The Little Lady of the Big House (1915) is a novel by American writer Jack London. It was his last novel to be published during his lifetime.

==Plot==
The story concerns a love triangle. The protagonist, Dick Forrest, is a rancher with a poetic streak (his "acorn song" recalls London's play, "The Acorn Planters"). His wife, Paula, is a vivacious, athletic, and sexually self-aware woman, who falls in love with Evan Graham, an old friend of her husband. Unable to choose between the two men, she wounds herself mortally with a rifle in what her husband is certain is a suicide.

== Inspiration ==
Biographer Clarice Stasz writes that the book is "not autobiography", but speaks of London's "frank borrowing from his life with Charmian", his second wife, and says it is "psychologically valid as a mirror of events during [the] winter [of 1912–13]". Paula, like Charmian, is subject to insomnia and is unable to bear children. Based on a reading of Charmian's diary, Stasz identifies Evan Graham with two real-life men named Laurie Smith and Allan Dunn.

Even minor characters can be identified; Forrest's servant Oh My resembles London's valet Nakata. The long-bearded hobo philosopher Aaron Hancock resembles Frank Strawn-Hamilton, who was a long-term guest at the London ranch.

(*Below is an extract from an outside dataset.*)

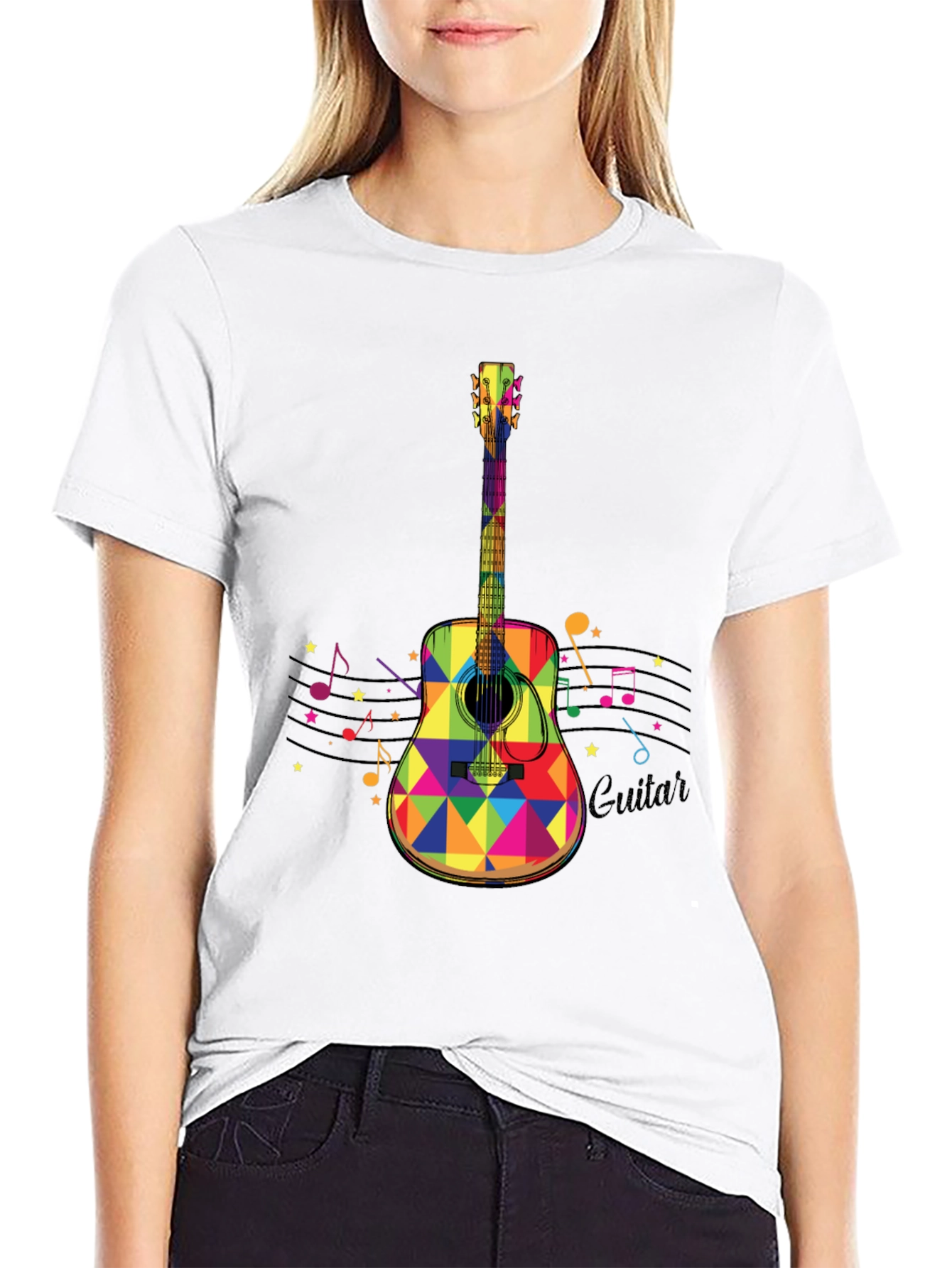 Colorful Guitar Graphic Tee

Sculptor Haakan Frolich makes an appearance as "the sculptor Froelig", and painter Xavier Martinez appears under his own name.

==Criticism==
London said of this novel: "It is all sex from start to finish—in which no sexual adventure is actually achieved or comes within a million miles of being achieved, and in which, nevertheless, is all the guts of sex, coupled with strength." One reviewer disparaged the novel's "erotomania."

Clarice Stasz further comments:
 Little Lady upset readers in London's day for its gushing sexual imagery... [and] its close portrayal of the tempting pull of adultery. Modern critics, on the other hand, deride its Victorian coyness and sentimentality, its unrealistic characters. Both were correct—it was too sexy for readers in 1915, when it appeared, and not sexy enough for readers beyond the sexually free twenties.

Kevin Starr, in a negative assessment, describes the novel as "wish-fulfilment". He says it
 provides a sort of last will and testament to California possibilities. His ranch life had begun in earnest in 1909 as a moratorium against chaos. Its last literary expression stank of madness and decay. Art and ranching converged in London's last effort, neither sustaining the other.